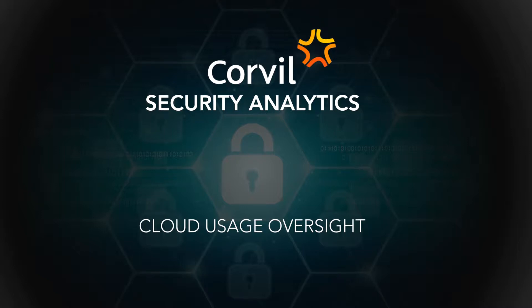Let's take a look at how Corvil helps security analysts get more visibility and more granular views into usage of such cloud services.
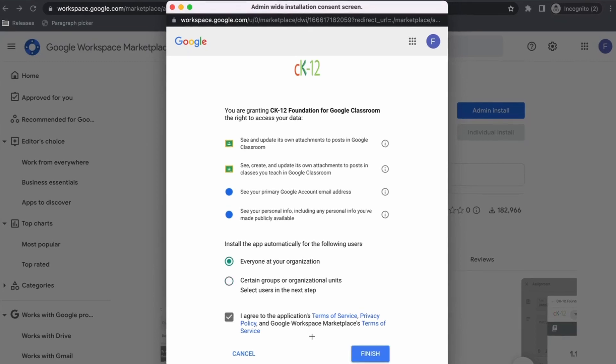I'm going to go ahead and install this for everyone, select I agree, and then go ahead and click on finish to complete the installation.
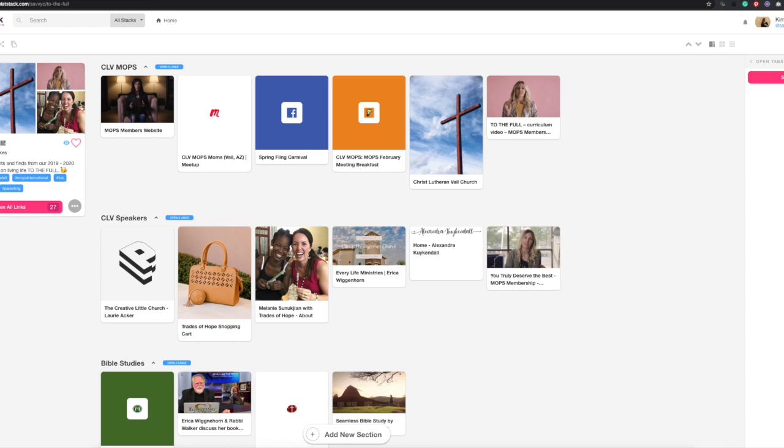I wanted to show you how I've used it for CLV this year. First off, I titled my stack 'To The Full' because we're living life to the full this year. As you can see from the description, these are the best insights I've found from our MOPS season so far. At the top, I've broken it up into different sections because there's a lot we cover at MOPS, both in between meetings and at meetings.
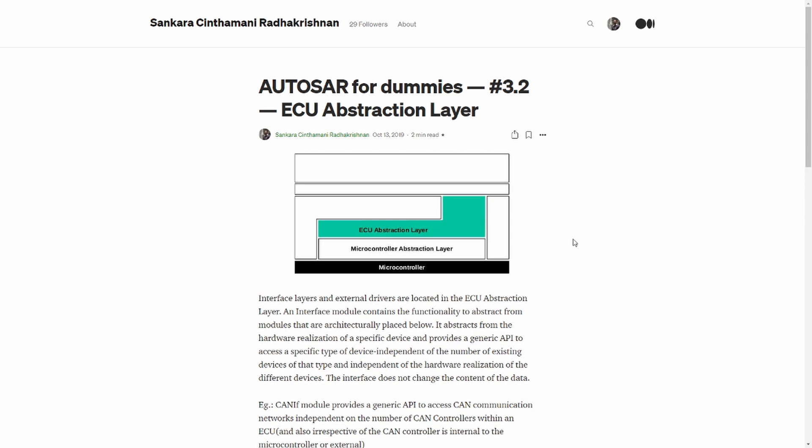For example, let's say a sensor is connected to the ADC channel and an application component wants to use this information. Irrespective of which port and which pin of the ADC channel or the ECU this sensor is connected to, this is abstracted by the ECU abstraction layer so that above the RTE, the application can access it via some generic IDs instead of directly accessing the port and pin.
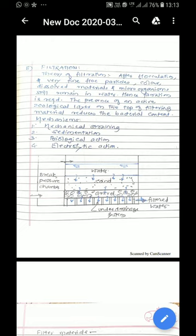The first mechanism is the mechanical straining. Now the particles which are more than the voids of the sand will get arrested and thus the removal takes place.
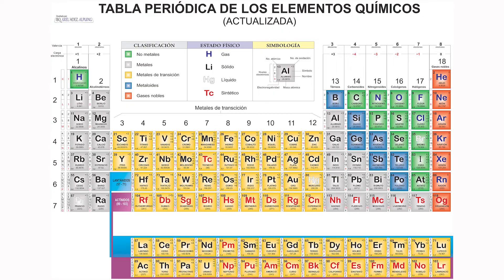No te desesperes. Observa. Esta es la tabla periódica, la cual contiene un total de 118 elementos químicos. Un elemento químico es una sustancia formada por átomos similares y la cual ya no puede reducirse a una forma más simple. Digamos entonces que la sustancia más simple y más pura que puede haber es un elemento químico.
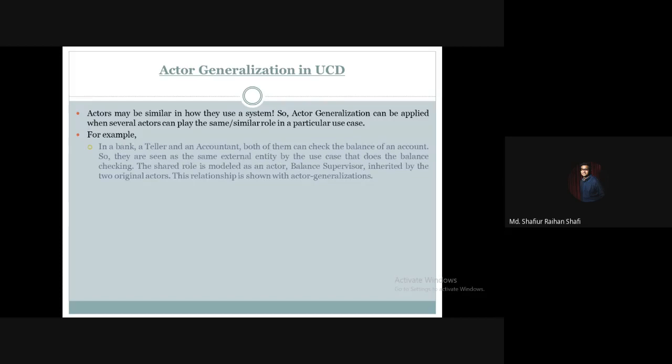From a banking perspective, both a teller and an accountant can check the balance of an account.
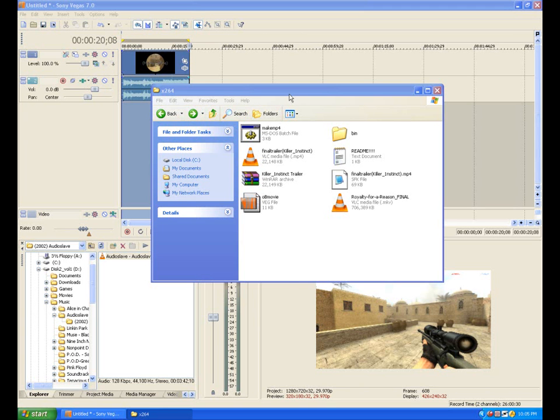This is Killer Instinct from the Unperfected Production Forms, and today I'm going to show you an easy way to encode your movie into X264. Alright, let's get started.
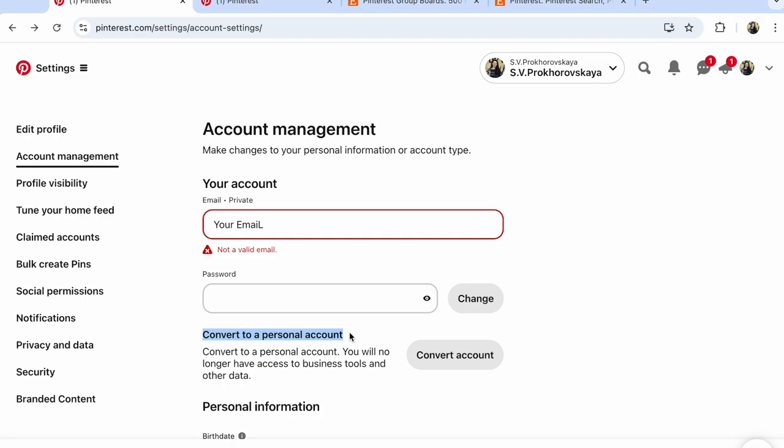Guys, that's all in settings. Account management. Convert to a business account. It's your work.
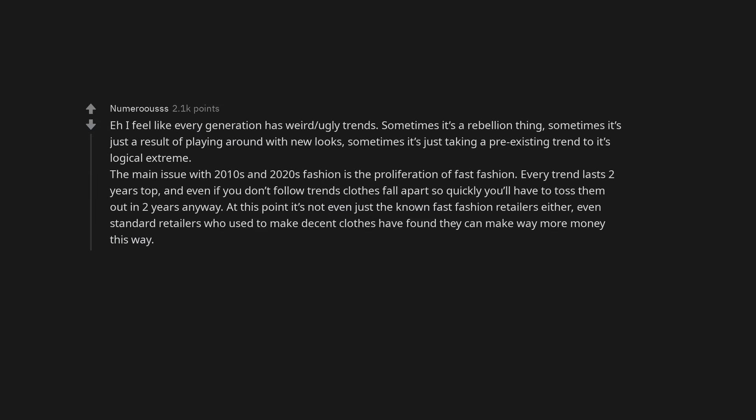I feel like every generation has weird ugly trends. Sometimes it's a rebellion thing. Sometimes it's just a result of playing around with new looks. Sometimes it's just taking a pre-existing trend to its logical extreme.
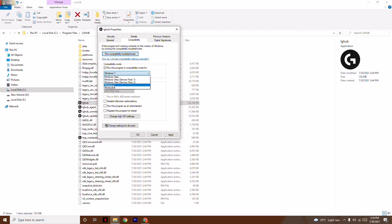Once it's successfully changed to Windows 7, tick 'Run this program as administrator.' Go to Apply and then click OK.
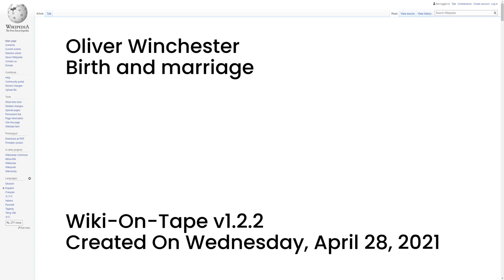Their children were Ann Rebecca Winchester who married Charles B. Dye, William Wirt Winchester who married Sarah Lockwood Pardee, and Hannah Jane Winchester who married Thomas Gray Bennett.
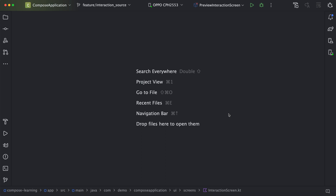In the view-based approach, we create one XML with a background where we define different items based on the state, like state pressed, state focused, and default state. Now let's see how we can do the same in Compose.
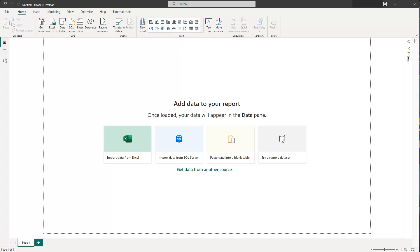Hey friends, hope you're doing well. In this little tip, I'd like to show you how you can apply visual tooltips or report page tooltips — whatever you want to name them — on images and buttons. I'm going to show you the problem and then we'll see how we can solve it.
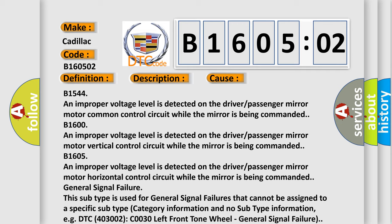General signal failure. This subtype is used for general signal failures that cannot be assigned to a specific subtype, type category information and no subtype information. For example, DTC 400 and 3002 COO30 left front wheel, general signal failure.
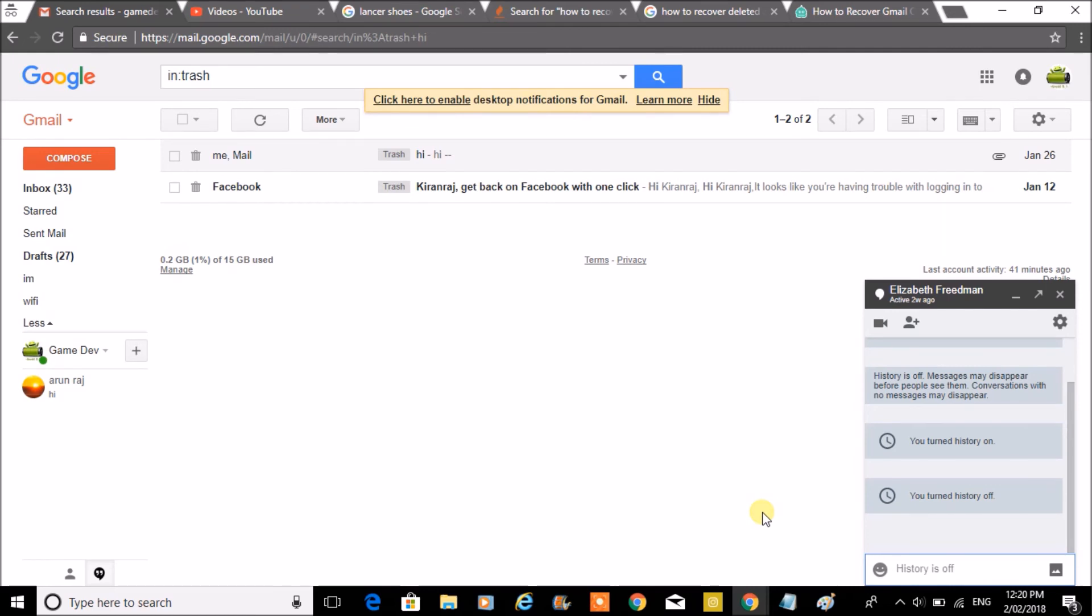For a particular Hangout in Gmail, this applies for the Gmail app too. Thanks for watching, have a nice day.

Exercise brief. What you return should match the records above word for word, minus the pictures.

Written reply.
Let's take a look at how Corvil helps security analysts get more visibility and more granular views into usage of such cloud services.
I'm going to go ahead and install this for everyone, select I agree, and then go ahead and click on finish to complete the installation.
I wanted to show you how I've used it for CLV this year. First off, I titled my stack 'To The Full' because we're living life to the full this year. As you can see from the description, these are the best insights I've found from our MOPS season so far. At the top, I've broken it up into different sections because there's a lot we cover at MOPS, both in between meetings and at meetings.
For example, let's say a sensor is connected to the ADC channel and an application component wants to use this information. Irrespective of which port and which pin of the ADC channel or the ECU this sensor is connected to, this is abstracted by the ECU abstraction layer so that above the RTE, the application can access it via some generic IDs instead of directly accessing the port and pin.
The first mechanism is the mechanical straining. Now the particles which are more than the voids of the sand will get arrested and thus the removal takes place.
No te desesperes. Observa. Esta es la tabla periódica, la cual contiene un total de 118 elementos químicos. Un elemento químico es una sustancia formada por átomos similares y la cual ya no puede reducirse a una forma más simple. Digamos entonces que la sustancia más simple y más pura que puede haber es un elemento químico.
From a banking perspective, both a teller and an accountant can check the balance of an account.
This is Killer Instinct from the Unperfected Production Forms, and today I'm going to show you an easy way to encode your movie into X264. Alright, let's get started.
Guys, that's all in settings. Account management. Convert to a business account. It's your work.
I feel like every generation has weird ugly trends. Sometimes it's a rebellion thing. Sometimes it's just a result of playing around with new looks. Sometimes it's just taking a pre-existing trend to its logical extreme.
Once it's successfully changed to Windows 7, tick 'Run this program as administrator.' Go to Apply and then click OK.
Their children were Ann Rebecca Winchester who married Charles B. Dye, William Wirt Winchester who married Sarah Lockwood Pardee, and Hannah Jane Winchester who married Thomas Gray Bennett.
In the view-based approach, we create one XML with a background where we define different items based on the state, like state pressed, state focused, and default state. Now let's see how we can do the same in Compose.
Hey friends, hope you're doing well. In this little tip, I'd like to show you how you can apply visual tooltips or report page tooltips — whatever you want to name them — on images and buttons. I'm going to show you the problem and then we'll see how we can solve it.
General signal failure. This subtype is used for general signal failures that cannot be assigned to a specific subtype, type category information and no subtype information. For example, DTC 400 and 3002 COO30 left front wheel, general signal failure.
For a particular Hangout in Gmail, this applies for the Gmail app too. Thanks for watching, have a nice day.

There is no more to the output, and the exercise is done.